Hartshorne Algebraic Geometry Proposition 1.5 (page5) In a notherian topological space $X$, every nomempty closed subset $Y$ can be expressed as a finite union $Y=Y_1 \cup \cdots \cup Y_r$ of irreducible closed subsets $Y_i$. If we require that $Y_i \nsupseteq Y_j$ for $i \neq j$, then the $Y_i$ are uniquely determined. They are called the irreducible components of $Y$.

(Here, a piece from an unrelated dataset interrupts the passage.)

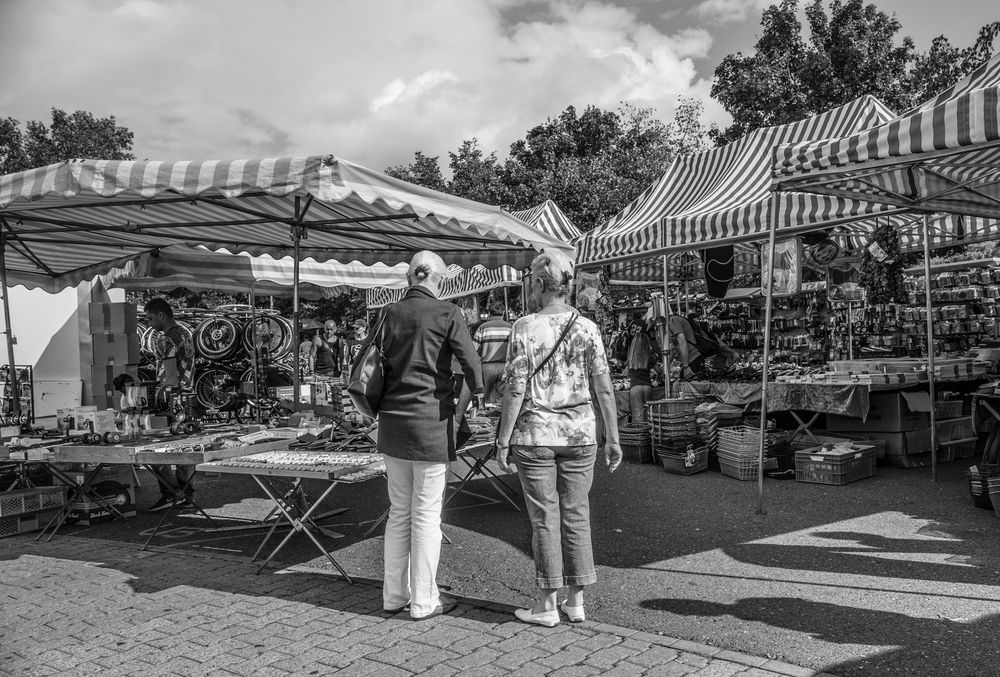 Trödelmarkt Düsseldorf Foto & Bild | archiv, a r c h i v aktuell, streetfotografie Bilder auf ...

I understood the existence of such a representation. But I can't understand a sentence in the uniqueness part, which I highlighted: Let $Y=Y_1 \cup \cdots \cup Y_r$ and $Y=Y'_1 \cup \cdots \cup Y'_s$ be two such representation. Then we can deduce that $Y_1=Y'_1$ (the details are in the textbook). Now let $Z=(Y-Y_1)^-$, then $Z=Y_2 \cup \cdots \cup Y_r$ and also $Z=Y'_2 \cup \cdots \cup Y'_s$.
What is the operator $^-$? I understood it as a closure, is it right? But then how can I deduce that $Z$ is represented as $Z=Y_2 \cup \cdots \cup Y_r=Y'_2 \cup \cdots \cup Y'_s$?